DATA SUPPLIED:
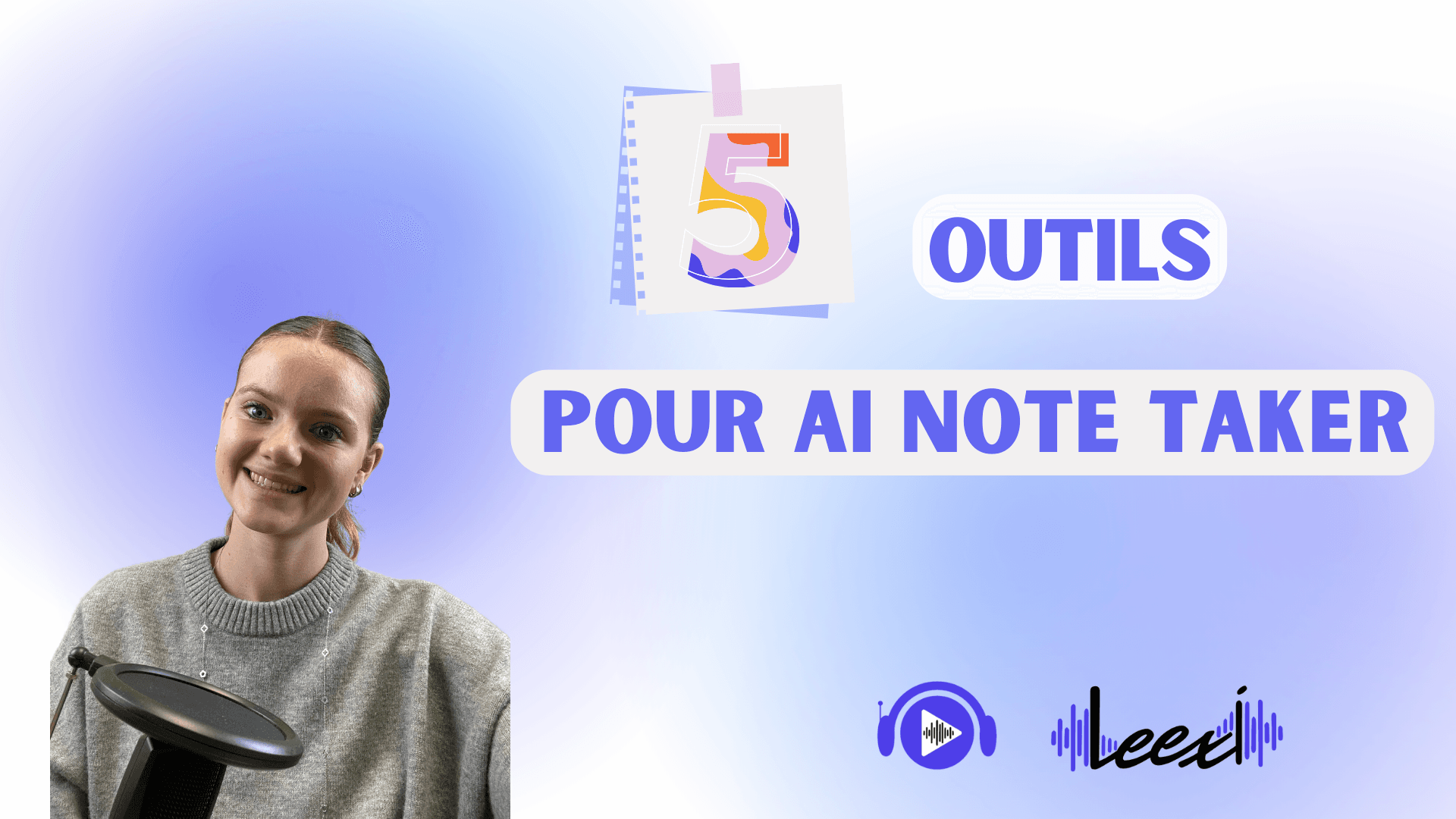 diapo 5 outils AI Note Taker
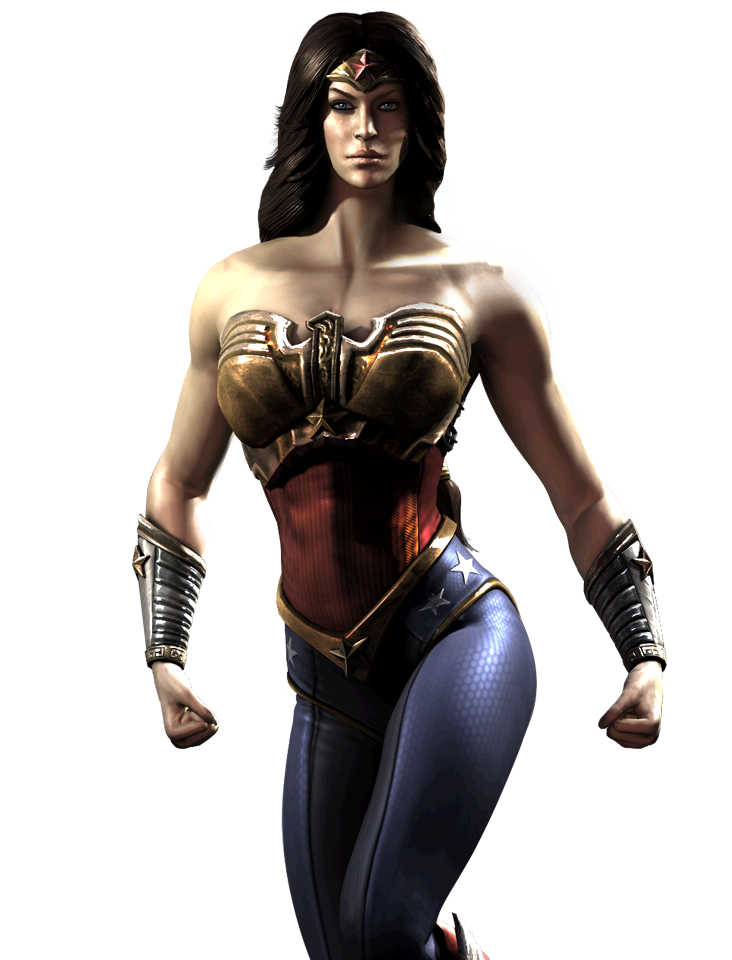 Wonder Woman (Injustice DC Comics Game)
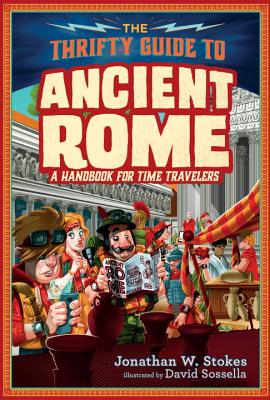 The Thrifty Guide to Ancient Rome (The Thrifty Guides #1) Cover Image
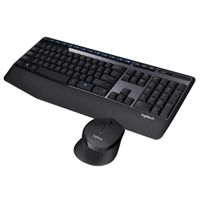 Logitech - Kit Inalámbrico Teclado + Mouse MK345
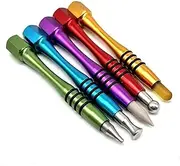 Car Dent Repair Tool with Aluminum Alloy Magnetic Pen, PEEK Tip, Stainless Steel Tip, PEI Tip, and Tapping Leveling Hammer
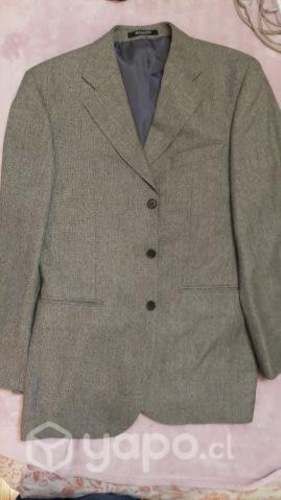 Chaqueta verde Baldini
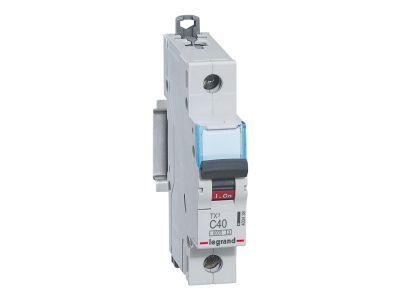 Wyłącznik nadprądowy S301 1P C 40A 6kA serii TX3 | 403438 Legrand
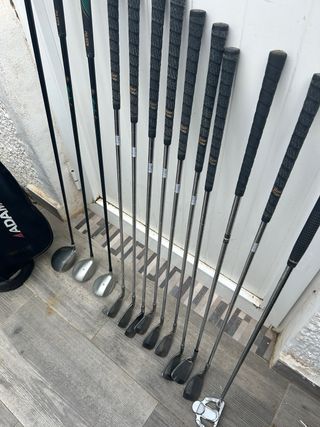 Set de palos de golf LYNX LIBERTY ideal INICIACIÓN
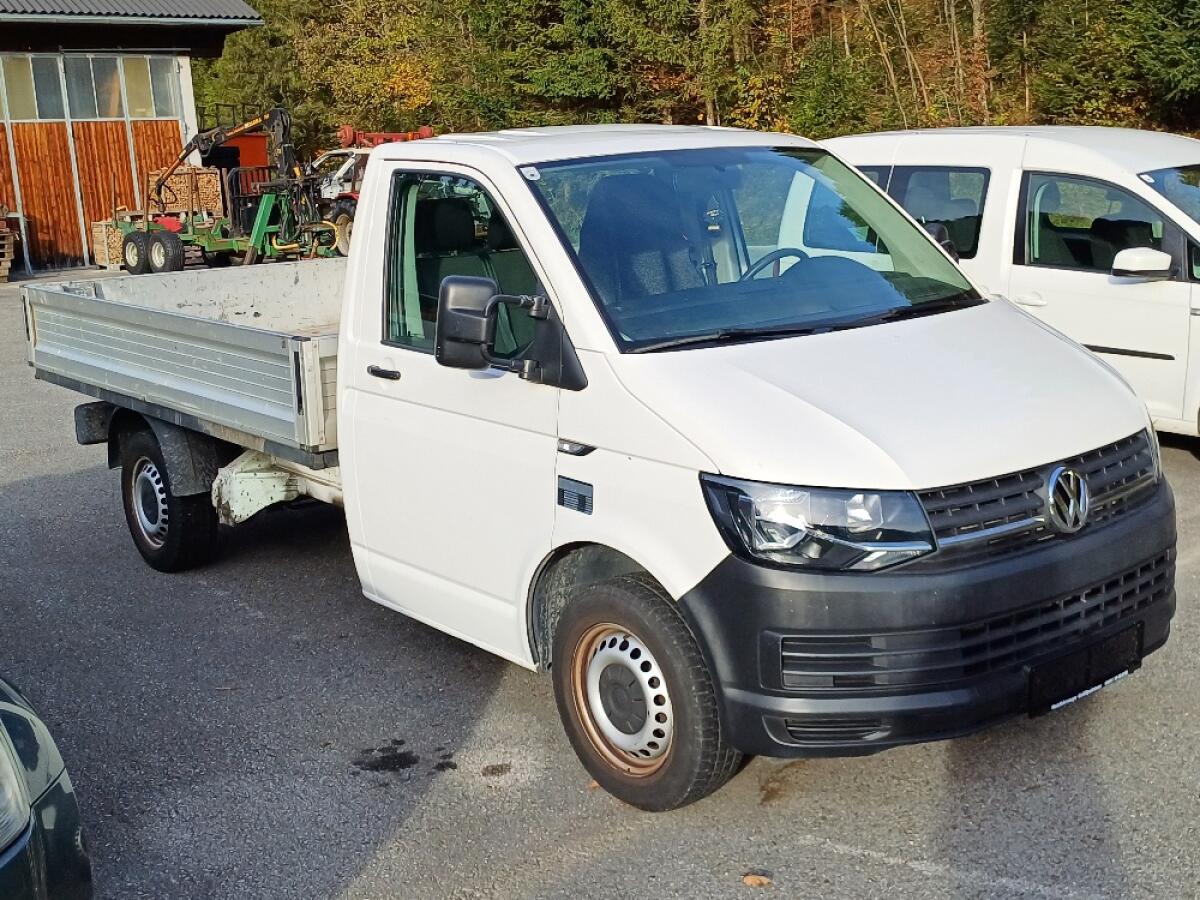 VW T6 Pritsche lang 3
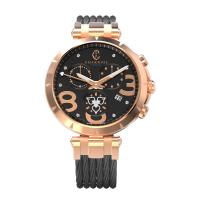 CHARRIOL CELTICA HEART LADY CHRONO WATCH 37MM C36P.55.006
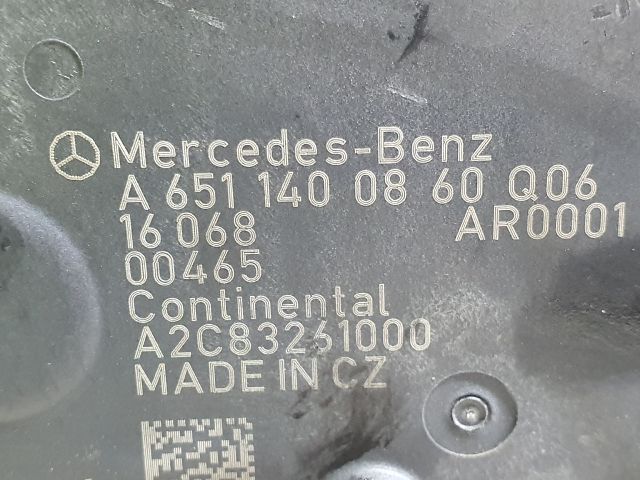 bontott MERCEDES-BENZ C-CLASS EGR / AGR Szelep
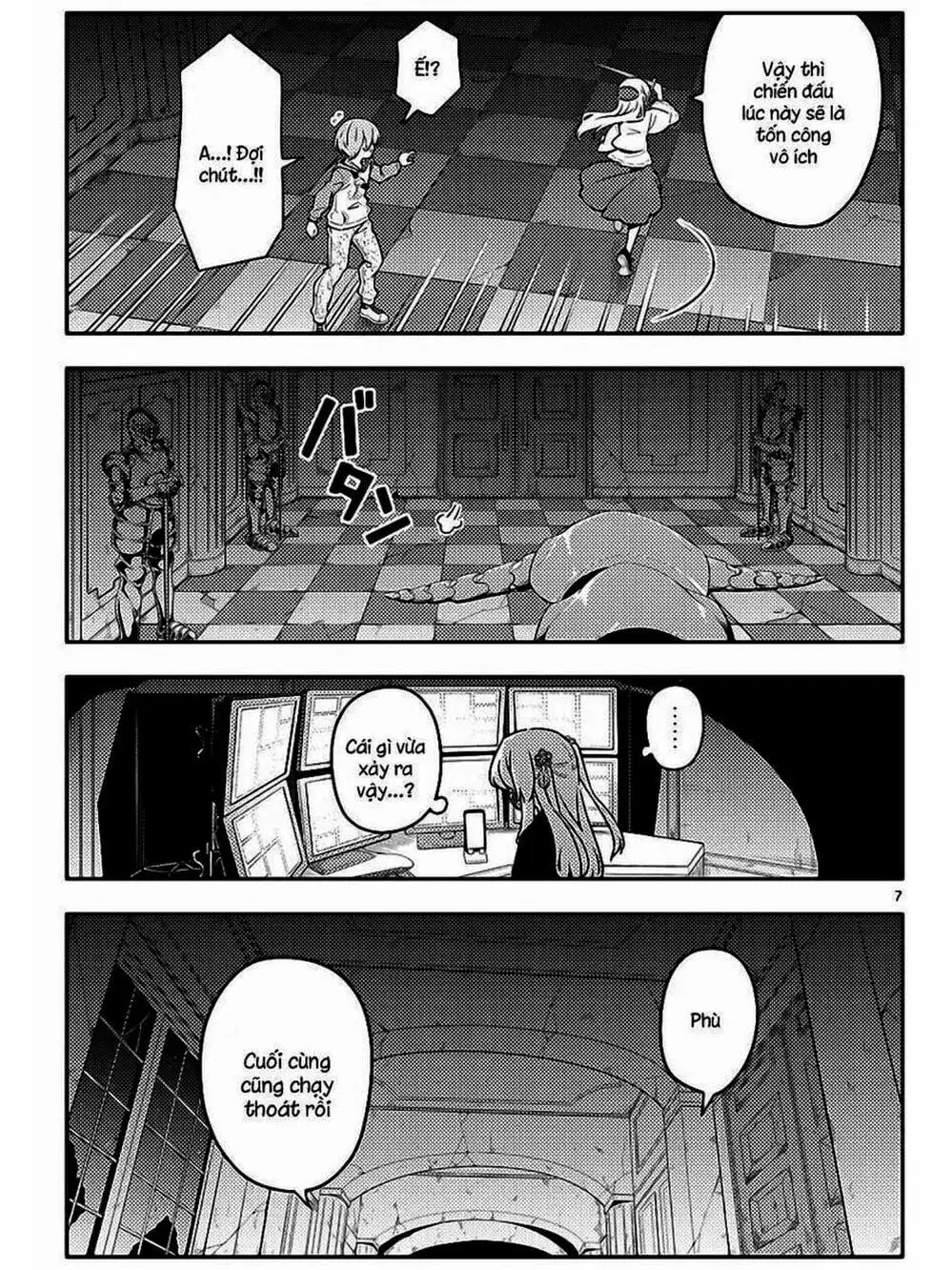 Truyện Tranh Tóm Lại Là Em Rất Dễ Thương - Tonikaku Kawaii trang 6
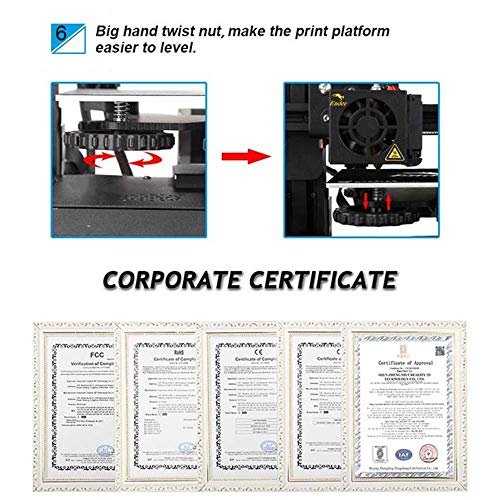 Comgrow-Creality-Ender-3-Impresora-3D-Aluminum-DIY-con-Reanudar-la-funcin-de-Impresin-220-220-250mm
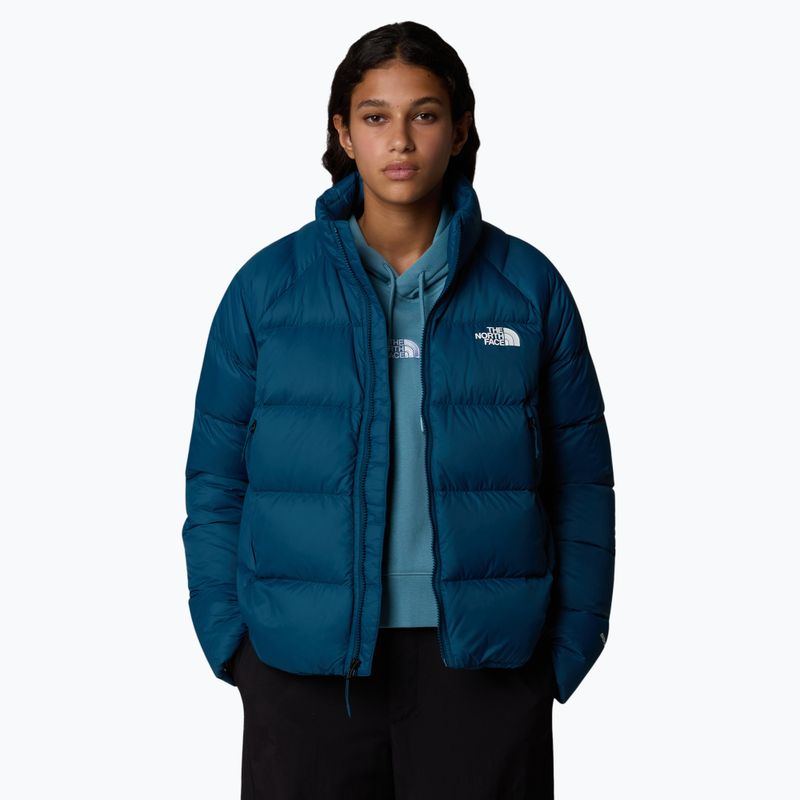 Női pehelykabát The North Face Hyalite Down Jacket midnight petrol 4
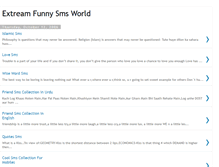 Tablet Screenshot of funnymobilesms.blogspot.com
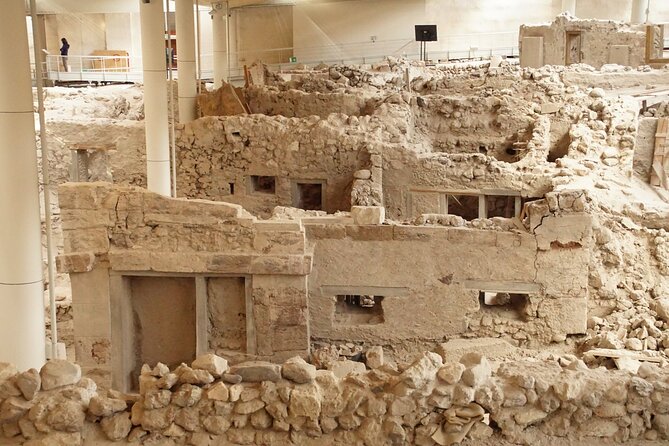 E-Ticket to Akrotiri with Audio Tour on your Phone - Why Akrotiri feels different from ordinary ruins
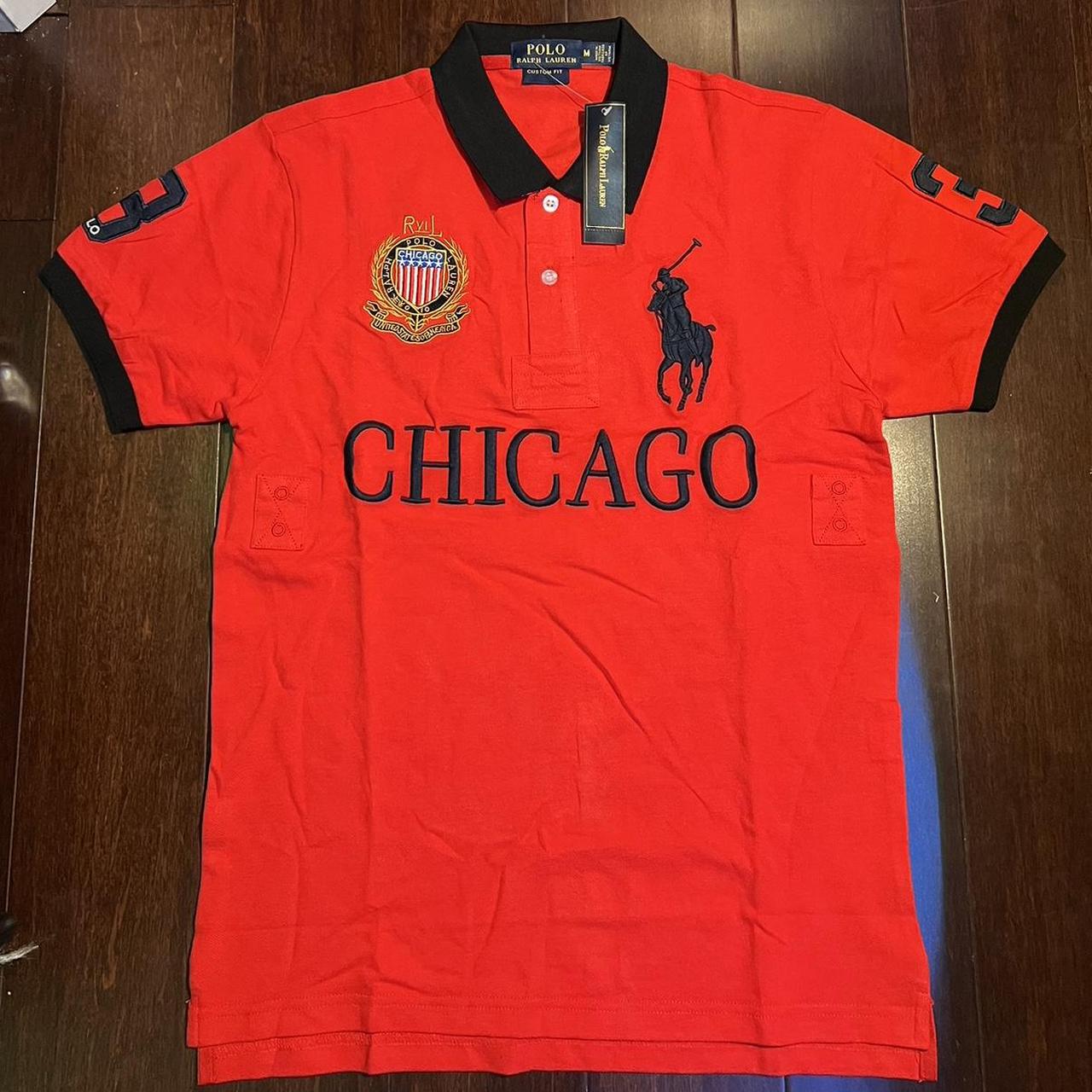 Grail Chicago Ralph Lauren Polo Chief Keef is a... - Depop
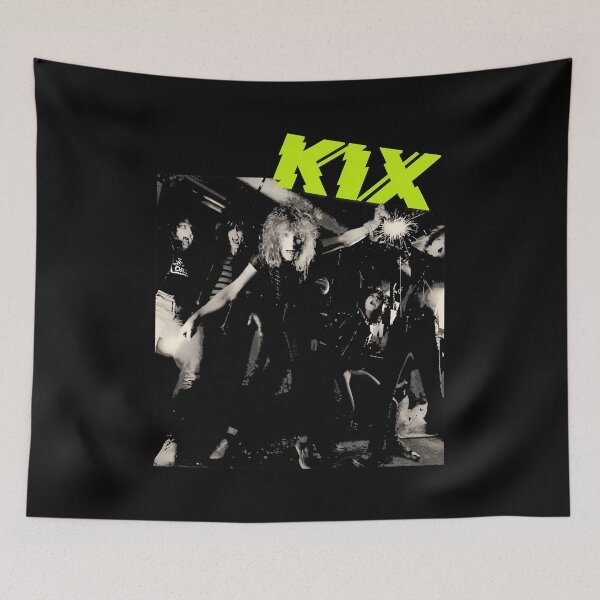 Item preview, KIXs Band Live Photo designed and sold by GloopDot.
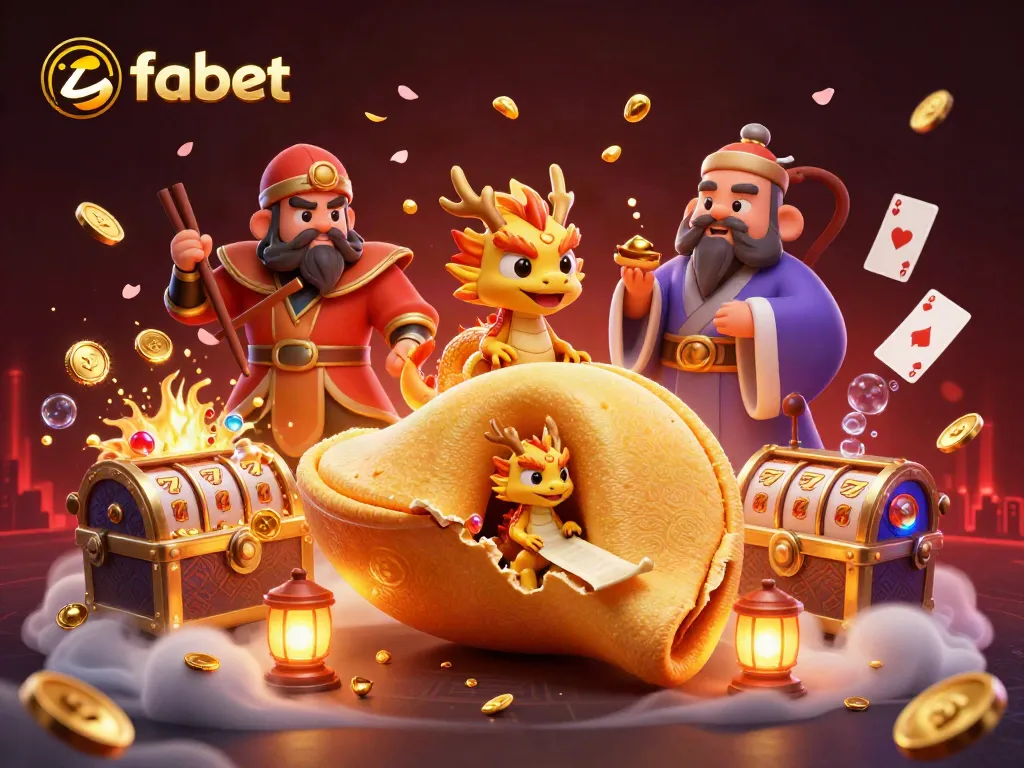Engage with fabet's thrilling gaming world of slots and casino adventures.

BRIEF: Write out word for word every line from the line with "Item preview, KIXs" through the final line of the records, both included, skipping the pictures.

THE ANSWER:
 Item preview, KIXs Band Live Photo designed and sold by GloopDot.
Engage with fabet's thrilling gaming world of slots and casino adventures.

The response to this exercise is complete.